C’est du confort des univers familiers que jaillit le fantastique. Le regard et les sens, attirés par les douces couleurs et le moelleux des canapés, s’étonnent et s’amusent d’y surprendre la vitalité libertine ou belliqueuse de tout un petit peuple de figurines qui s’échappe de sa fonction ornementale.

Nés quelquefois au hasard des bigarrures colorées du mobilier, végétaux personnages, monstres et animaux semblent issus d’herbiers ou d’ouvrages ethnologiques et érotiques. Les canapés déserts sont d’autant plus troublants qu’ils éveillent le souvenir d’une musique de chuchotements, de rires lointains et de petites cuillères que l’on tourne dans une tasse de thé.

Le méticuleux contrecollage des papiers froissés et préparés par toute une alchimie culinaire à un vieillissement prématuré, participe à cette sollicitation de la mémoire.

L’ouvrage du support « texture » et rythme subtilement l’espace, inscrivant stratigraphiquement lignes et volumes contre ou à l’encontre desquels se déterminent les motifs surajoutés.
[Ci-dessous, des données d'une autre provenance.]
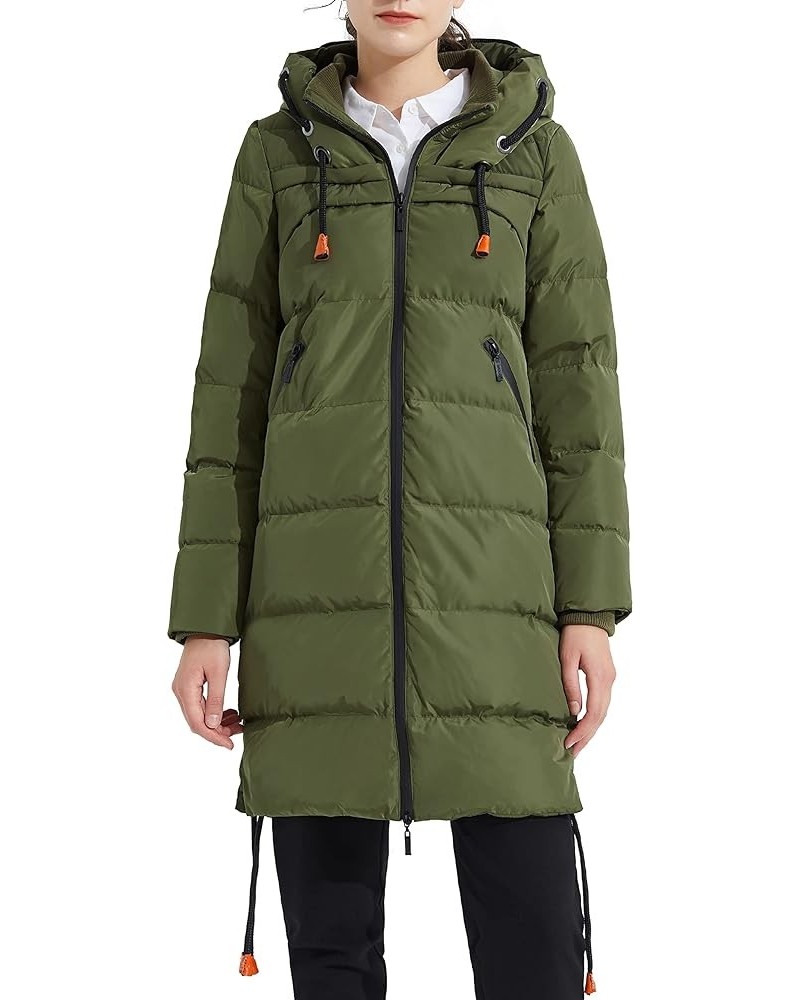 Women's Thickened Winter Down Coat Hooded Puffer Long Jacket with Pocket Armygreen $35.70 Jackets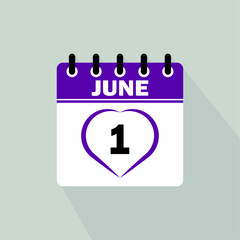 Icon calendar day - 1 June. 1st days of the month, vector illustration.
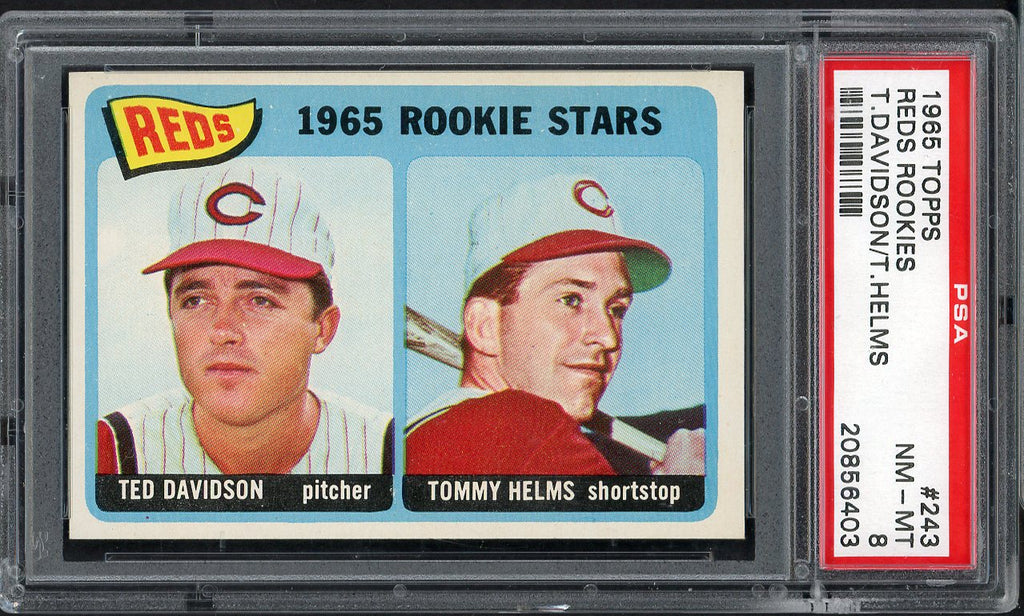 1965 Topps Baseball #243 Tommy Helms Reds PSA 8 NM/MT 547547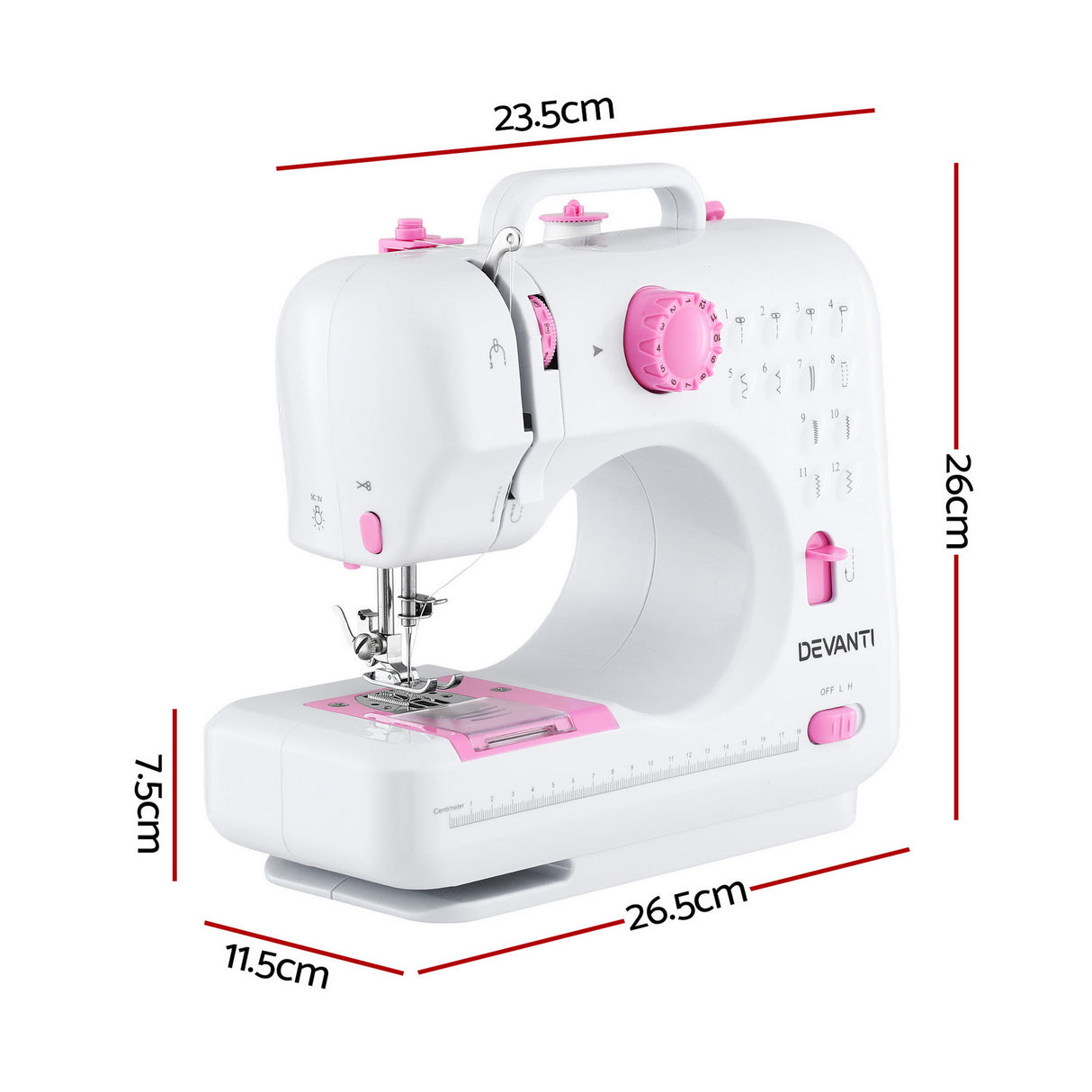 Devanti 12 Stitches Mini Sewing Machine for Beginners Portable Sewing Machine Kit with LED Lights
Paradoxalement ces « pierres de rêve » (paésines) de fabrication accélérée vont être le support de constructions géométriques et non de visions paysagistes.

Le répertoire, comme issu du monde d’Escher, s’inscrit en abîme sur les paravents. Labyrinthes, escaliers, pyramides et autres constructions se greffent sur le mobilier ou flottent oniriquement, se renversant quelquefois. Les « Chambres » ont dû naître de ce déplacement des volumes dans l’espace.
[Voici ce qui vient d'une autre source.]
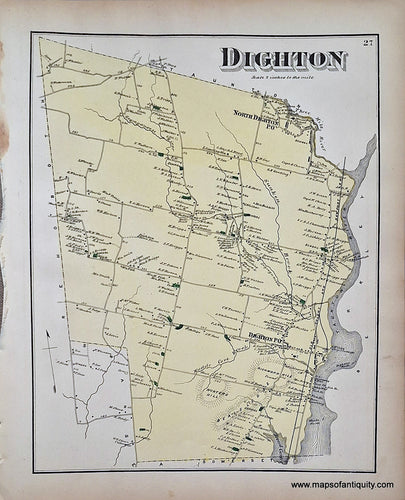 Antique-Hand-Colored-Map-Dighton-p.-27-(MA)-******-Massachusetts-Bristol-County-1871-Beers-Maps-Of-Antiquity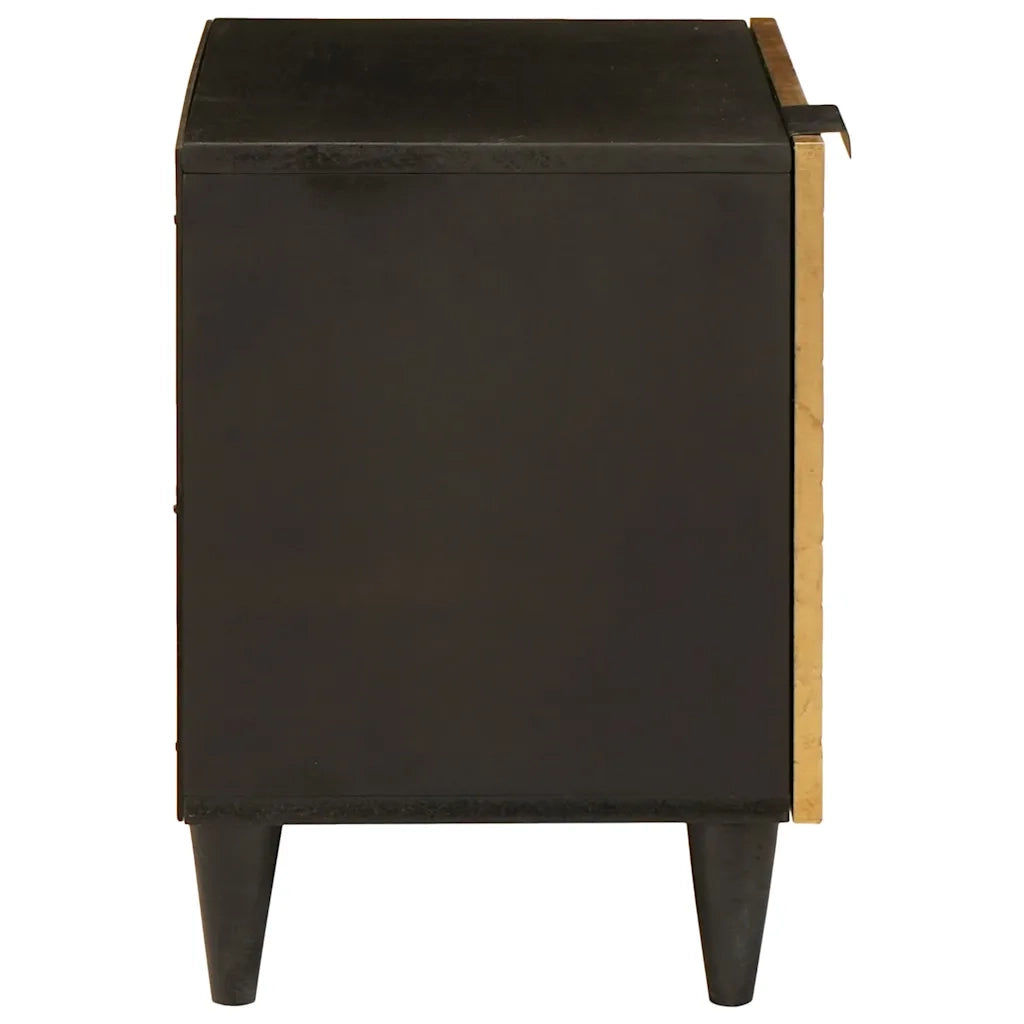 Armadio da Notte 2 pcs Nero e Oro 40 x 33 x 46 cm 4017825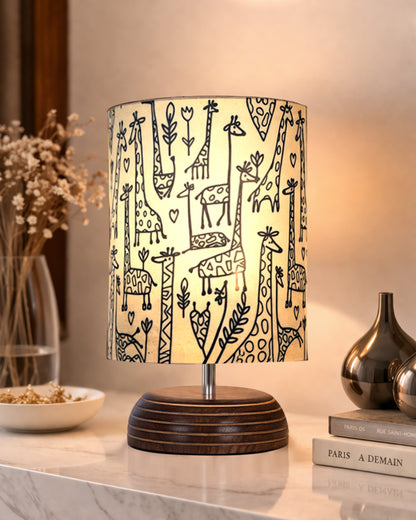 Modern Zen Wooden Lampshade Nightstand Lamps, Antique Base E27 Creative Reading Bedside Lamps Ideal for Bedroom, Pebble, Bird Cylinder
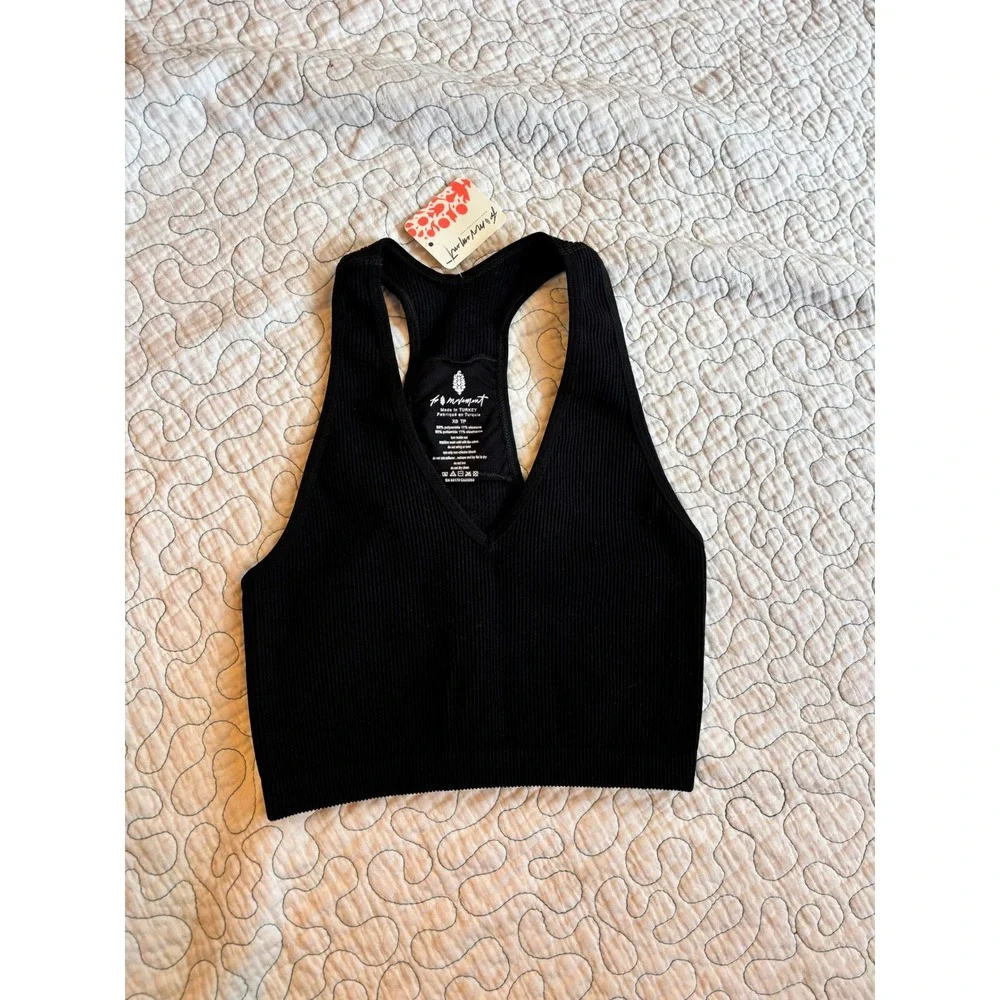 Free People Movement‎ Crop Tank Black Ribbed V-Neck XS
Volumes où la peinture reste essentielle, ces chambres « funéraires »?… sont aussi nuptiales quand elles font plaisamment du spectateur un voyeur. Contemplant l’intérieur de la yourte, soit par en dessous -douce coquinerie-, soit en lorgnant par une petite fente ironiquement préméditée, le spectateur retrouve l’onirique désordre des redondantes constructions où s’affirme le désir de ne rien abandonner de ce qui appartient à l’élaboration de la création.

Amalgame dérisoire autant qu’ordre encyclopédique, les « Inventaires » sont l’aboutissement de cette volonté de déclinaison topographique des différentes formes volumétriques. Ils s’offrent à notre lecture sur un mode plus simultané que ne le faisaient les Livres et Cahiers d’esquisses dont est issu ce microcosme et constituent un univers offerts aux quêtes : quête de l’essence de la création à travers le pouvoir de nomination ; recherche proustienne de son début dans sa fin.

L’inventaire de cet alphabet de symboles engendre l’invention de nouvelles figures, énonçant ainsi le problème insoluble de l’énumération d’un ensemble infini ne pouvant se résoudre que dans la découverte inespérée d’un Aleph, point de l’espace contenant tous les autres.